▸ TASK PROMPT: Could you copy exactly the lines below, beginning at the line with "3 間睡房、房內夾萬、熨斗/熨衫板、可攜式嬰兒床" and stopping after the line with "The Iconic 4-D", with no pictures?

▸ SOURCE MATERIAL:
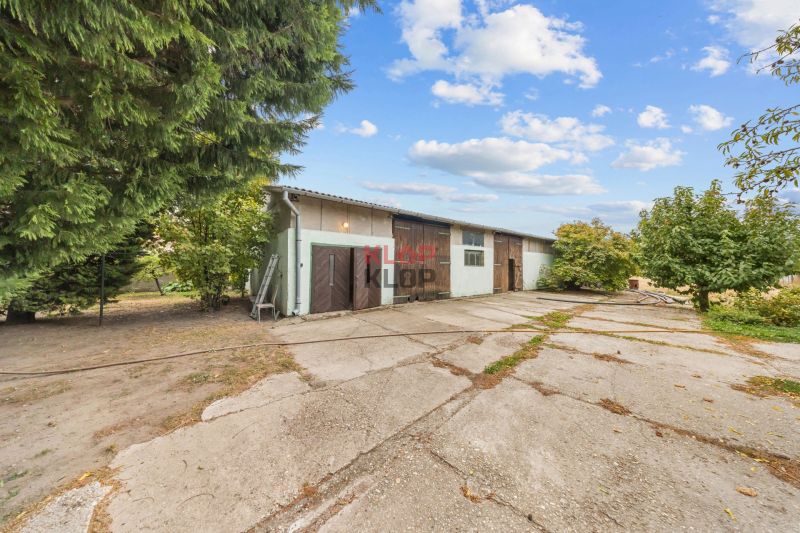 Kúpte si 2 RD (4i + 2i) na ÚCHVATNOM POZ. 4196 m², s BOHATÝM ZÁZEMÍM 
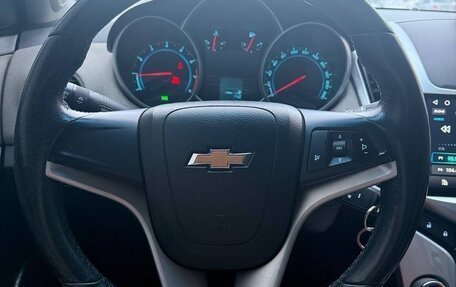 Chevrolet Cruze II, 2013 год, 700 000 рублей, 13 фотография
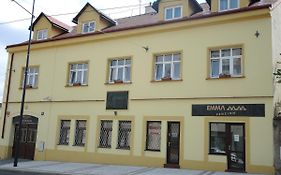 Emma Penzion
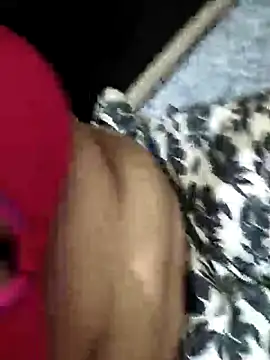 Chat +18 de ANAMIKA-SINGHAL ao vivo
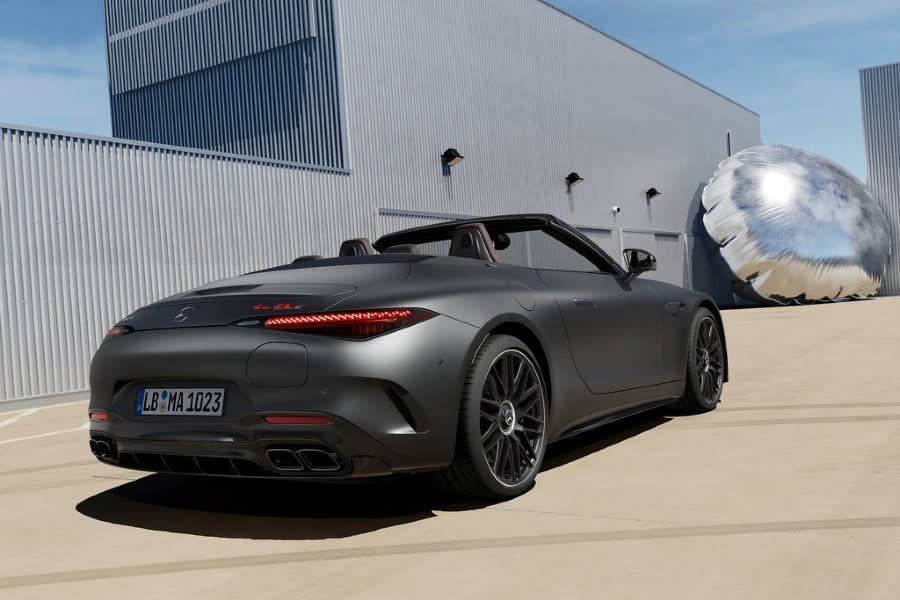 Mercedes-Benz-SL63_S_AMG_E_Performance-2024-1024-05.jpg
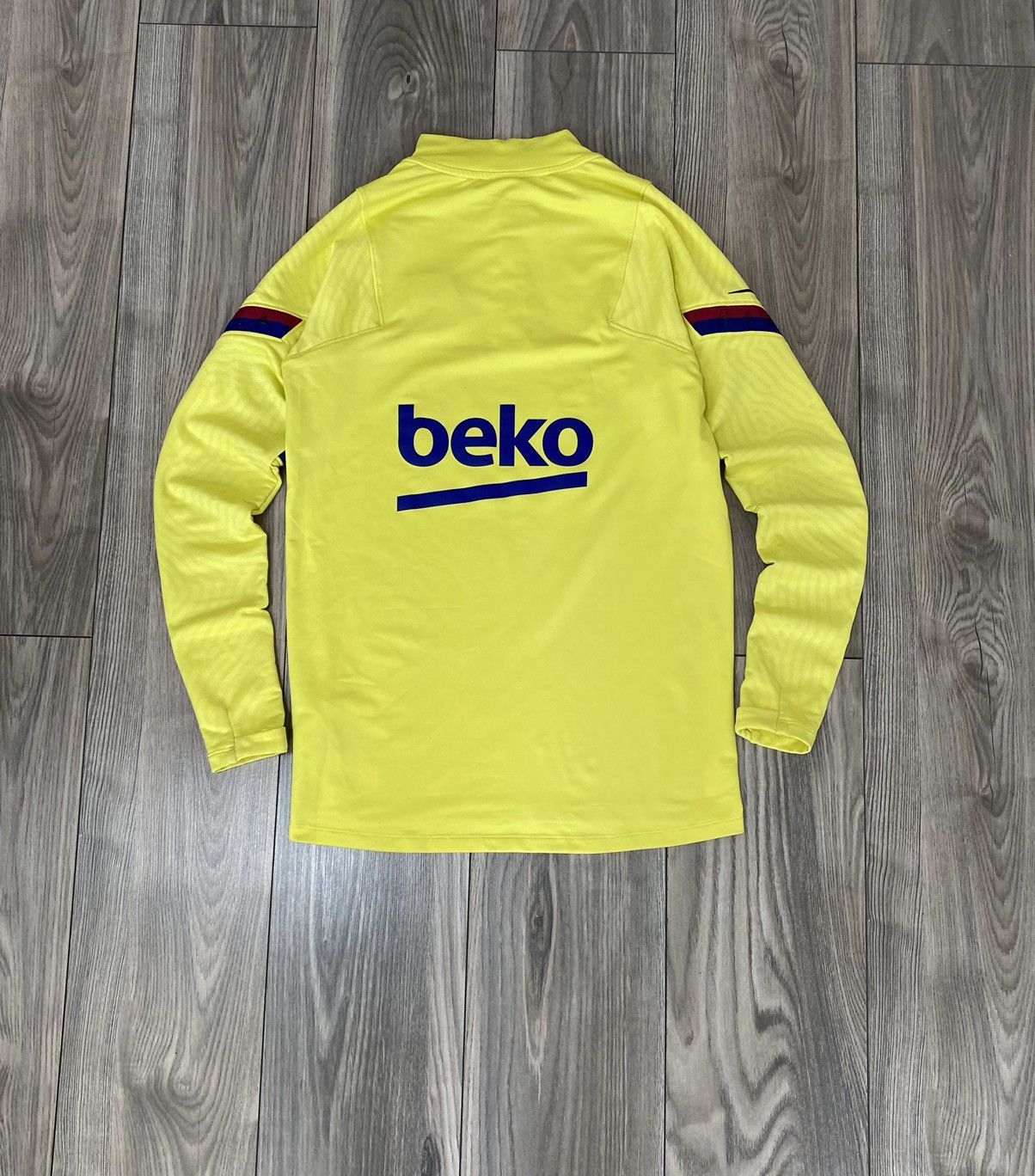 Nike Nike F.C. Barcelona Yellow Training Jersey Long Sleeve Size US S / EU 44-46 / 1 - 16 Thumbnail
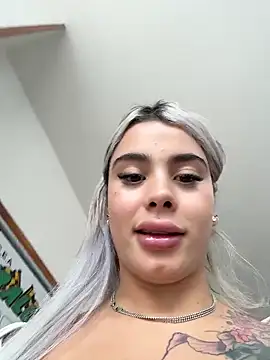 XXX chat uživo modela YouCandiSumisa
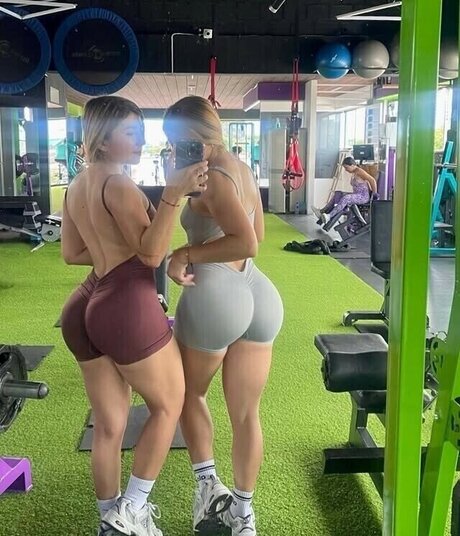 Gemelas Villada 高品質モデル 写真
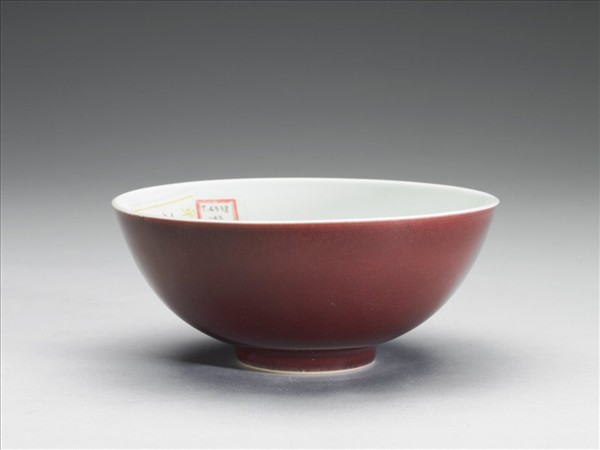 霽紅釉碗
==
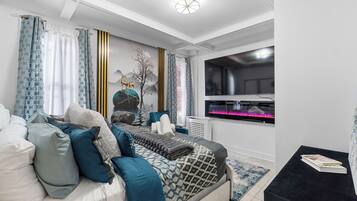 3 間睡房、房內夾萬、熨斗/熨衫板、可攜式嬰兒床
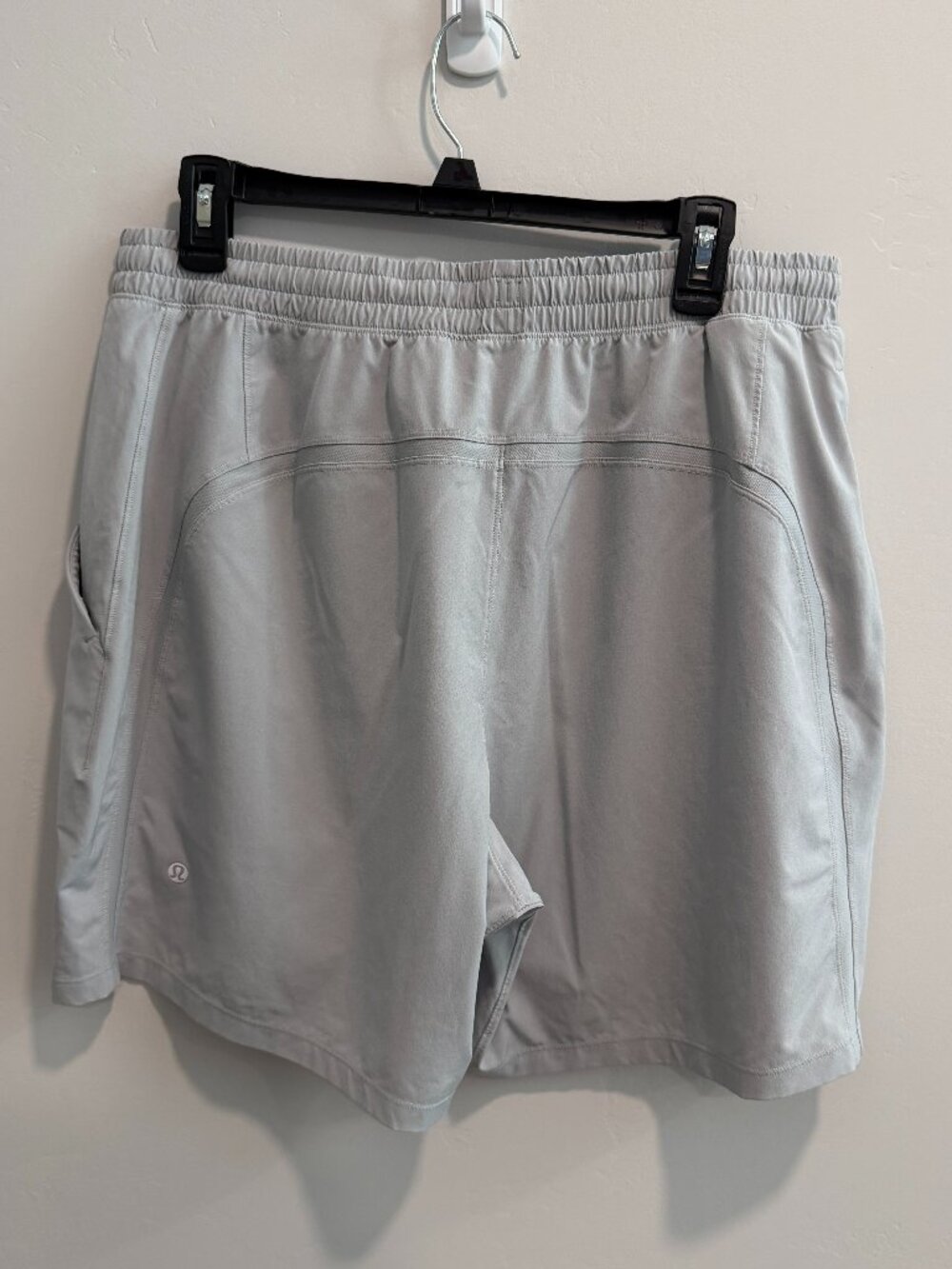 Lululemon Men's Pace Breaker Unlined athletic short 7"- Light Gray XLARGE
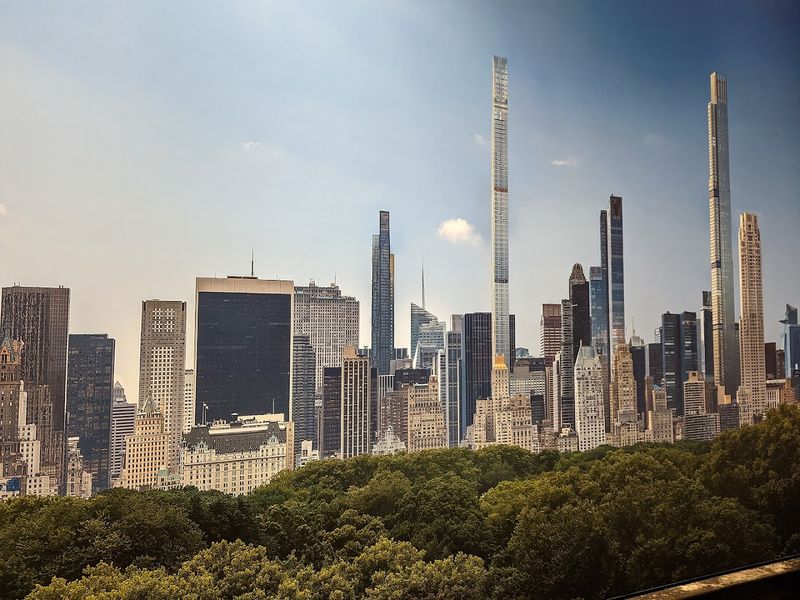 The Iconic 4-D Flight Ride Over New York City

▸ ANSWER BOX:
 3 間睡房、房內夾萬、熨斗/熨衫板、可攜式嬰兒床
 Lululemon Men's Pace Breaker Unlined athletic short 7"- Light Gray XLARGE
 The Iconic 4-D Flight Ride Over New York City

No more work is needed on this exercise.